§ TASK ITEM
Every record should be written out exactly, with the pictures left out.

§ PROVIDED DATA
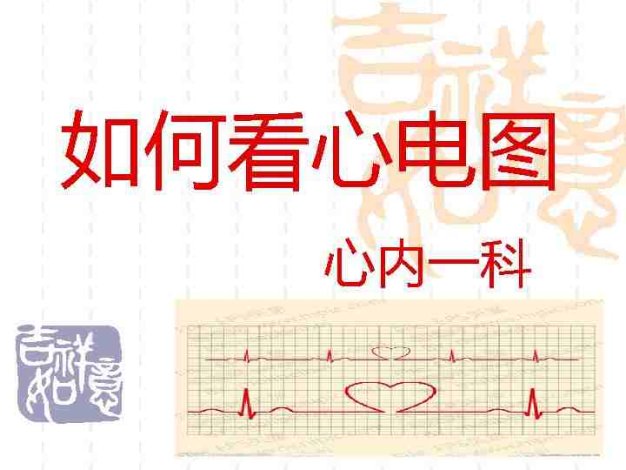 如何看心电图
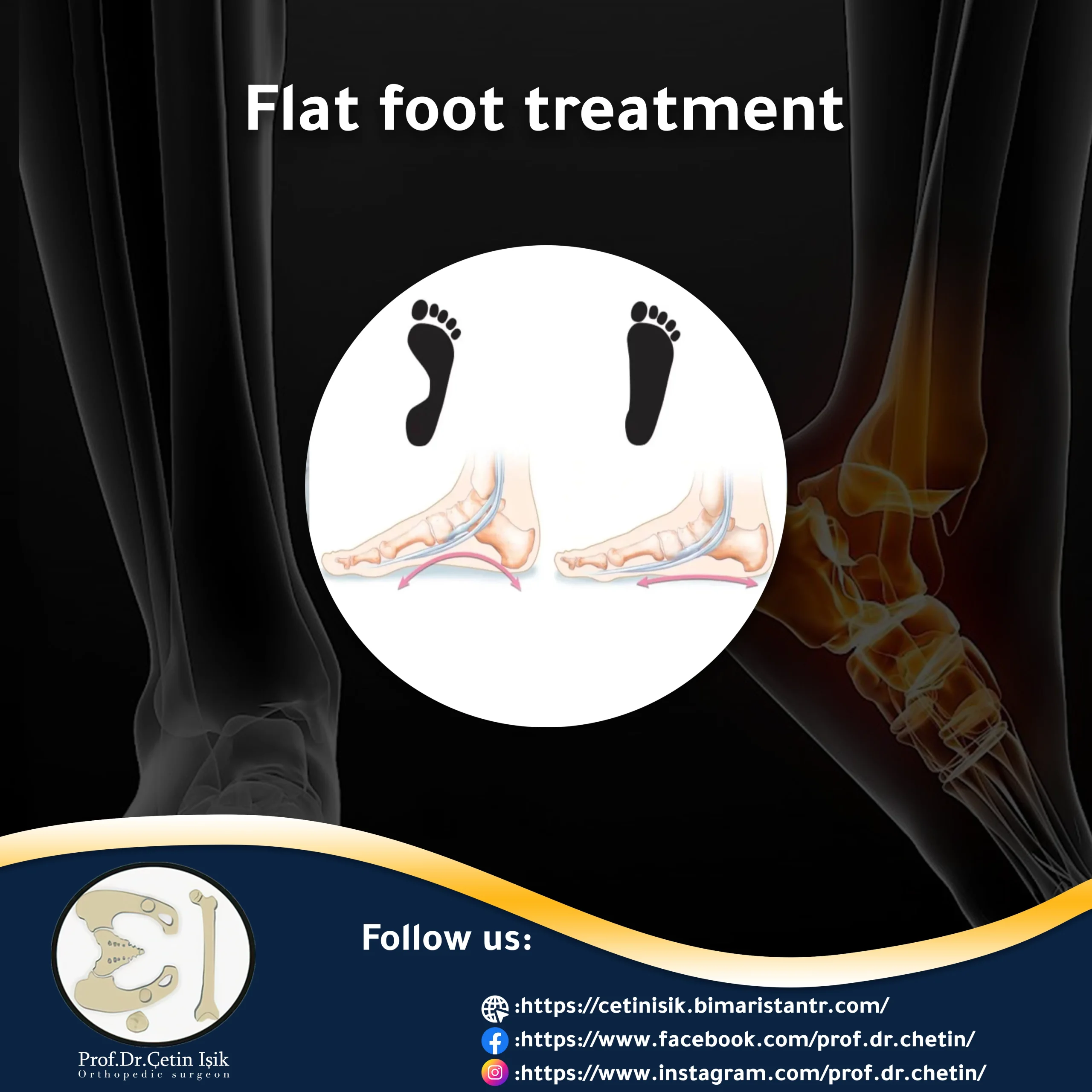 Flat foot treatment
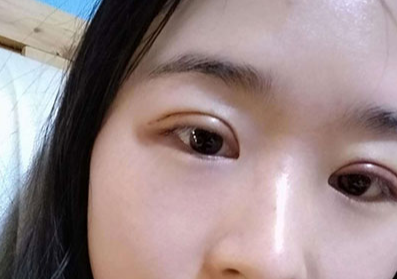 全切雙眼皮大概多少錢？全切雙眼皮多久能恢復(fù)？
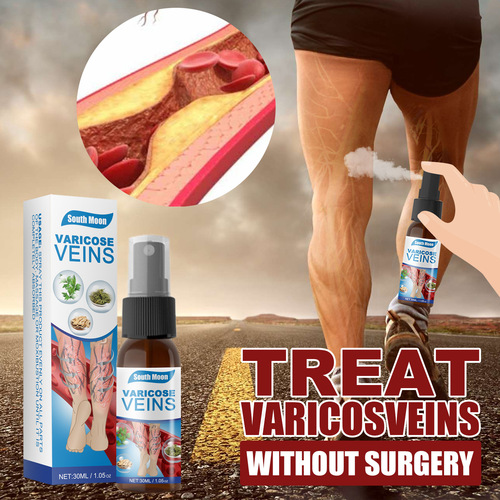 South Moon Vein Massage Varicose Vein Spray Smoothes Blood Vein Bulges Smoothes Earthworm Legs Leg Massage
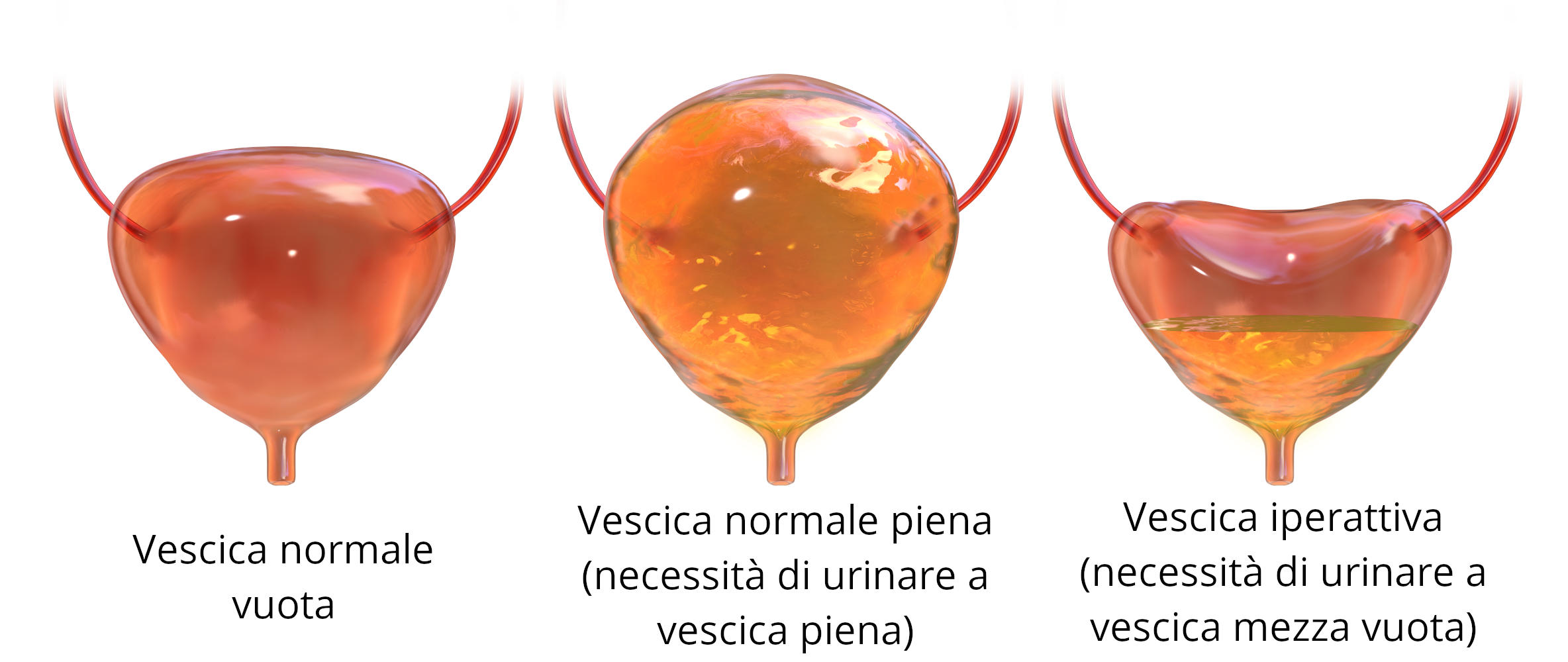 Vescica iperattiva, infografica riassuntiva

§ SOLUTION TO THIS PROBLEM
 如何看心电图
 Flat foot treatment
 全切雙眼皮大概多少錢？全切雙眼皮多久能恢復(fù)？
 South Moon Vein Massage Varicose Vein Spray Smoothes Blood Vein Bulges Smoothes Earthworm Legs Leg Massage
 Vescica iperattiva, infografica riassuntiva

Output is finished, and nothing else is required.